Task description: Leave out the pictures and repeat the data exactly.

#### Dataset content

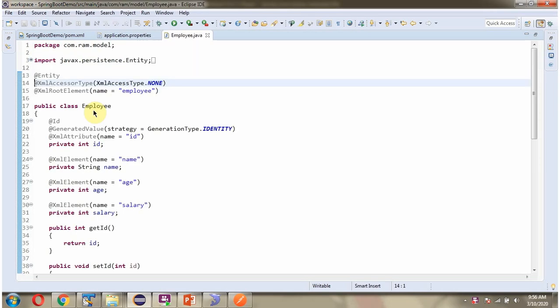Here I have defined a class Employee and in this class I have applied the Entity annotation. This class has four properties: ID, name, age, and salary. In the ID property I have applied the GeneratedValue annotation, so this ID value will be automatically generated by Hibernate.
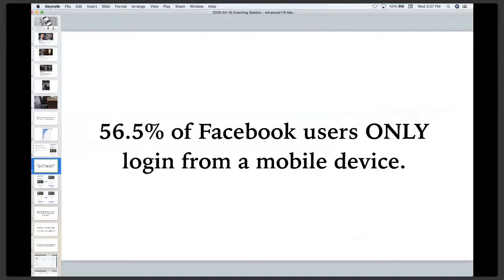They're not seeing the Facebook news feed from a desktop view. They're only seeing it from the much smaller corners of their screen.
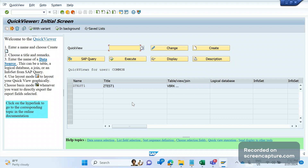Suppose you want to retrieve data from different tables like order, delivery, and invoice — tables vbak, vbap, likp, lips, vbrk, and vbrp. Manually, we would go to each table one by one, retrieve the data, export to Excel, and then try to match which order goes with which delivery and which delivery goes with which invoice. This requires a lot of manual effort.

########

Task response:
Here I have defined a class Employee and in this class I have applied the Entity annotation. This class has four properties: ID, name, age, and salary. In the ID property I have applied the GeneratedValue annotation, so this ID value will be automatically generated by Hibernate.
They're not seeing the Facebook news feed from a desktop view. They're only seeing it from the much smaller corners of their screen.
Suppose you want to retrieve data from different tables like order, delivery, and invoice — tables vbak, vbap, likp, lips, vbrk, and vbrp. Manually, we would go to each table one by one, retrieve the data, export to Excel, and then try to match which order goes with which delivery and which delivery goes with which invoice. This requires a lot of manual effort.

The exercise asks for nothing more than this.